Thermodynamics

Heat of Vaporization

The heat of vaporization ( $ \Delta H_{vap} $ ), also known as the enthalpy of vaporization, is the amount of heat energy required to change one mole of a substance from its liquid phase to its gaseous phase at a constant temperature and pressure (usually the boiling point). This is an endothermic process, meaning heat is absorbed by the substance.

Understanding the Process

Vaporization involves overcoming the intermolecular forces holding liquid molecules together. In liquids, these forces (intermolecular forces) – such as hydrogen bonding, dipole-dipole interactions, and London dispersion forces – restrict the movement of molecules. To transition to the gaseous phase, enough energy must be supplied to overcome these attractions and allow molecules to escape the liquid’s surface. The stronger the intermolecular forces, the more energy is required, and thus the higher the heat of vaporization.

Factors Affecting Heat of Vaporization

Several factors influence the heat of vaporization:

• Intermolecular Forces: As mentioned above, stronger intermolecular forces lead to higher $ \Delta H_{vap} $ . For example, water has a relatively high heat of vaporization due to its strong hydrogen bonding.

• Molecular Weight: Generally, larger molecules have higher heats of vaporization because they exhibit stronger London dispersion forces.

• Temperature: While $ \Delta H_{vap} $ is usually reported at the boiling point, it’s important to note that it’s slightly temperature-dependent. At higher temperatures, less energy is required to overcome intermolecular forces, resulting in a slightly lower $ \Delta H_{vap} $ . However, this temperature dependence is often neglected in AP Chemistry calculations.

• Pressure: The heat of vaporization is affected by pressure. However, this effect is typically small and often ignored unless explicitly stated in a problem.

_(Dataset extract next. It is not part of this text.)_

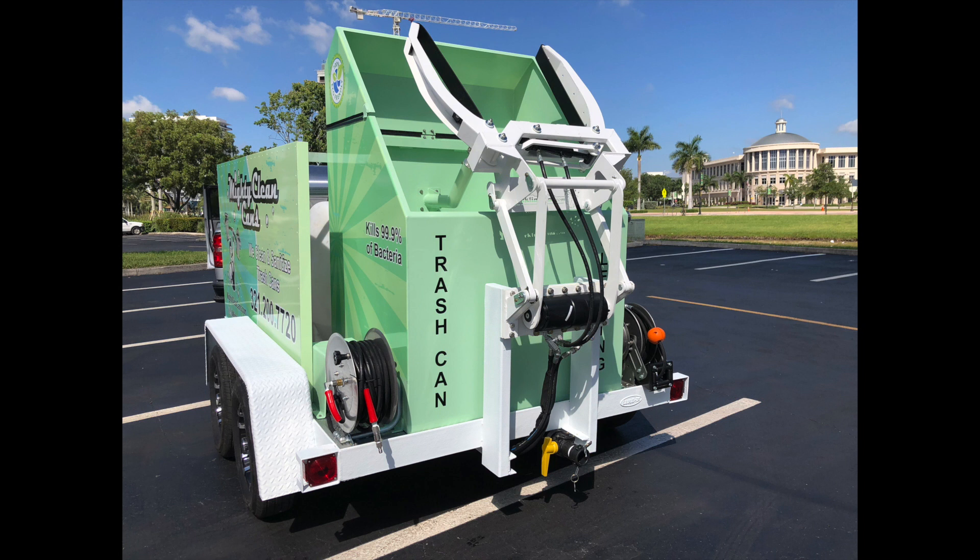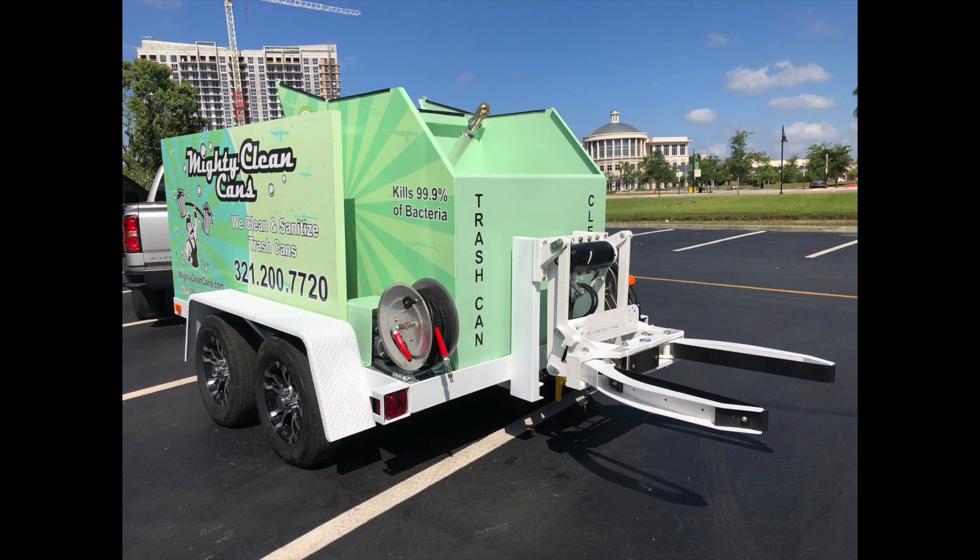This client said to us, I want to park my trailer in my garage. So we made a retractable hopper. We've done five or six of these in the past. As you can see, this trailer can easily fit in a residential garage.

Calculating Heat of Vaporization

The heat absorbed during vaporization can be calculated using the following equation:

$ q = n \times \Delta H_{vap} $

Where:

• $ q $ is the heat absorbed (in Joules or kilojoules)
• $ n $ is the number of moles of the substance
• $ \Delta H_{vap} $ is the molar heat of vaporization (in J/mol or kJ/mol)

Thermodynamics and q=mcΔT: This equation is different from the equation used to calculate the heat transferred during temperature changes ( $ q = mc\Delta T $ ). Remember to use the appropriate equation depending on whether a phase change is occurring.

Clausius-Clapeyron Equation

The Clausius-Clapeyron equation relates the vapor pressure of a liquid to its temperature and heat of vaporization:

$ \ln \left(\frac{P_2}{P_1}\right) = \frac{-\Delta H_{vap}}{R} \left(\frac{1}{T_2} - \frac{1}{T_1}\right) $

Where:

• $ P_1 $ and $ P_2 $ are the vapor pressures at temperatures $ T_1 $ and $ T_2 $ (in Kelvin)
• $ \Delta H_{vap} $ is the molar heat of vaporization
• $ R $ is the ideal gas constant (8.314 J/mol·K)

This equation is useful for determining the heat of vaporization if vapor pressure data at different temperatures are available, or for predicting vapor pressure at a given temperature if the heat of vaporization is known.

Example Problem

Calculate the heat required to vaporize 25.0 g of water at its boiling point. The molar heat of vaporization of water is 40.7 kJ/mol.

Solution:

1. Calculate the number of moles of water: The molar mass of water is 18.02 g/mol. Therefore, $ n = \frac{25.0 \text{ g}}{18.02 \text{ g/mol}} = 1.39 \text{ mol} $

2. Calculate the heat absorbed: $ q = n \times \Delta H_{vap} = 1.39 \text{ mol} \times 40.7 \text{ kJ/mol} = 56.4 \text{ kJ} $

Therefore, 56.4 kJ of heat is required to vaporize 25.0 g of water at its boiling point.

This rundown provides a comprehensive overview of the heat of vaporization for AP Chemistry. Remember to practice applying these concepts through various problem-solving exercises.